Robots are able to learn motor tasks through trial and error after researchers have developed algorithms to mimic the learning process of humans.
Researchers at the University of California, Berkeley demonstrated their technique by having a robot complete various tasks like putting a clothes hanger on a rack, assembling a toy plane or screwing a cap on a water bottle without pre-set details about its surroundings.
“What we're reporting on here is a new approach to empowering a robot to learn,” said Professor Pieter Abbeel of UC Berkeley's Department of Electrical Engineering and Computer Sciences.
“The key is that when a robot is faced with something new, we won't have to reprogram it. The exact same software which encodes how the robot can learn was used to allow the robot to learn all the different tasks we gave it.”
Traditionally, to help a robot make its way through a 3D world, it has to be pre-programmed to handle various scenarios.
But the UC Berkeley researchers turned to a new branch of artificial intelligence known as deep learning, which is loosely inspired by the neural circuitry of the human brain when it perceives and interacts with the world.
“For all our versatility, humans are not born with a repertoire of behaviours that can be deployed like a Swiss army knife, and we do not need to be programmed,” said postdoctoral researcher on the project Sergey Levine.
“Instead, we learn new skills over the course of our life from experience and from other humans. This learning process is so deeply rooted in our nervous system, that we cannot even communicate to another person precisely how the resulting skill should be executed.”
In AI deep learning, programs create ‘neutral nets’ in which layers of artificial neurons process overlapping raw sensory data, either as sound waves or image pixels. This helps the robot recognise patterns and categories among the data it is receiving.
However, applying deep reinforcement learning to motor tasks is more difficult since the task goes beyond the passive recognition of images and sounds.
“Moving about in an unstructured 3D environment is a whole different ballgame,” said PhD student and researcher Chelsea Finn.
“There are no labelled directions, no examples of how to solve the problem in advance.
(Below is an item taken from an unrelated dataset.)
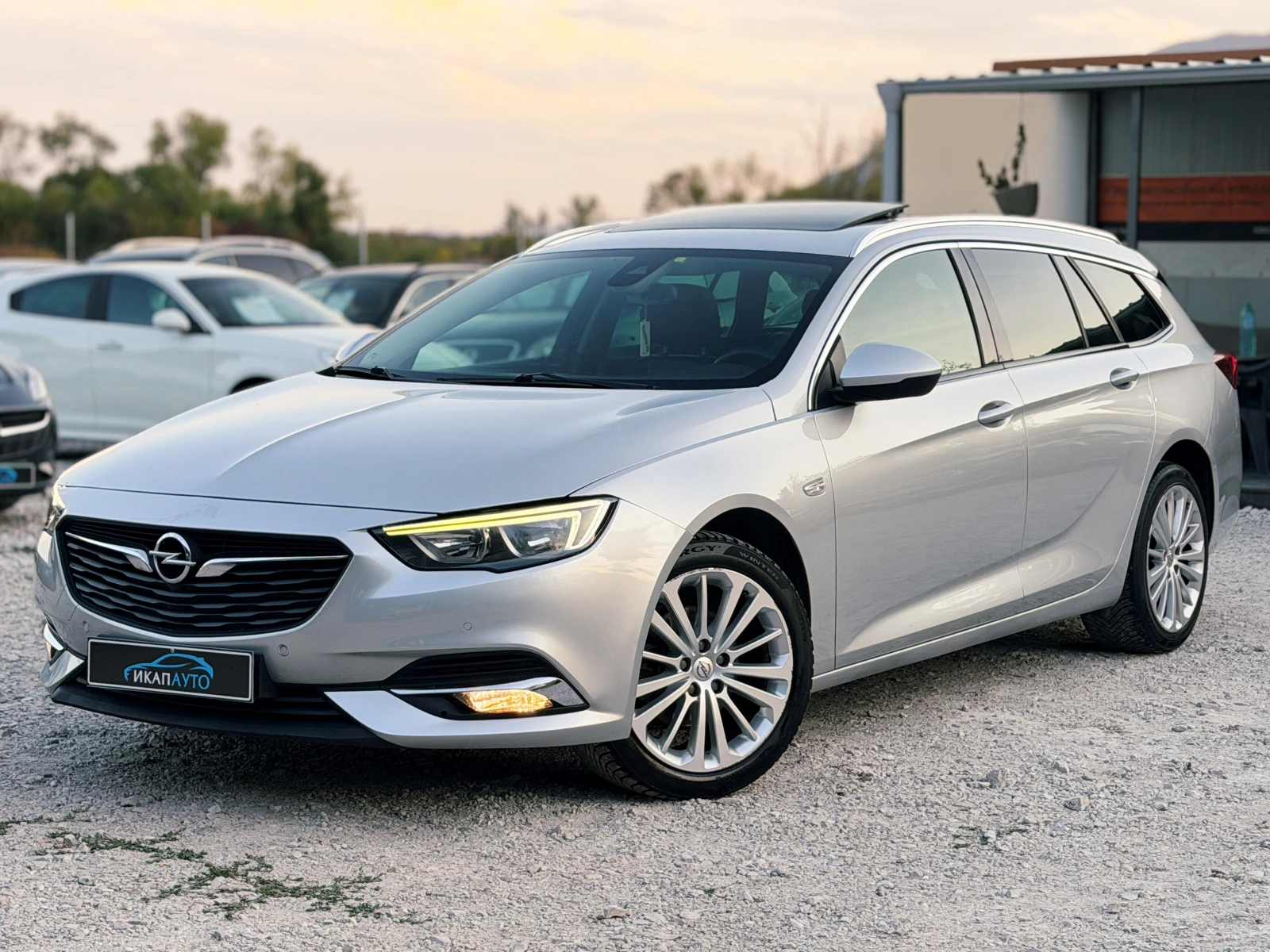 Opel Insignia 1.6CDTi Innovation ПАНОРАНА ИТАЛИЯ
There are no examples of the correct solution like one would have in speech and vision recognition programs.”
The team worked with a Willow Garage Personal Robot 2 (PR2), now called BRETT. The algorithm controlling the robot’s learning included a reward function that provided a score based upon how well the robot was doing with the task.
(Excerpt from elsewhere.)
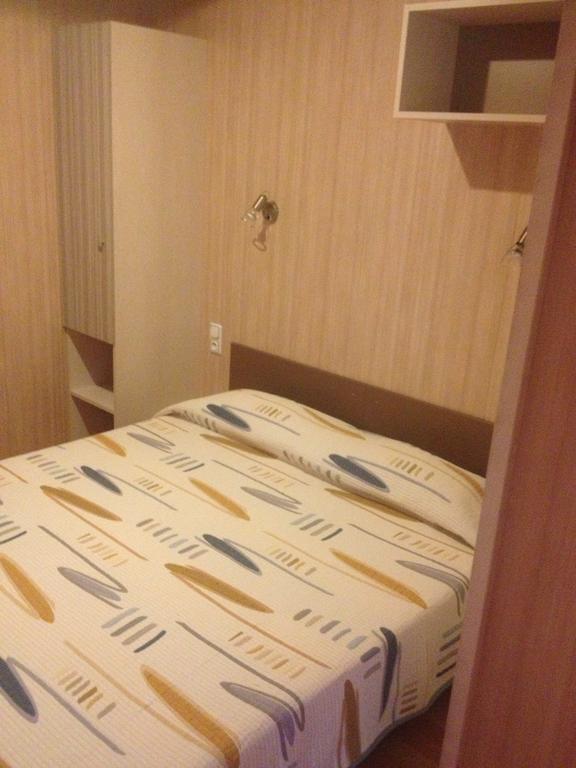 Camping Residence Chalet La Pomposa Terrazzoni Бонифачо Стая снимка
Movements that bring the robot closer to completing the task will score higher than those that do not. The score feeds back through the neural net, so the robot can learn which movements are better for the task at hand.
This type of training allows the robot to learn on its own, as the algorithm calculates good values for the 92,000 parameters of the neutral net it needs to learn.
When BRETT receives relevant coordinates for the beginning and end of the task, it could, with this approach, master a typical assignment in 10 minutes. Without the coordinates the learning process takes about three hours.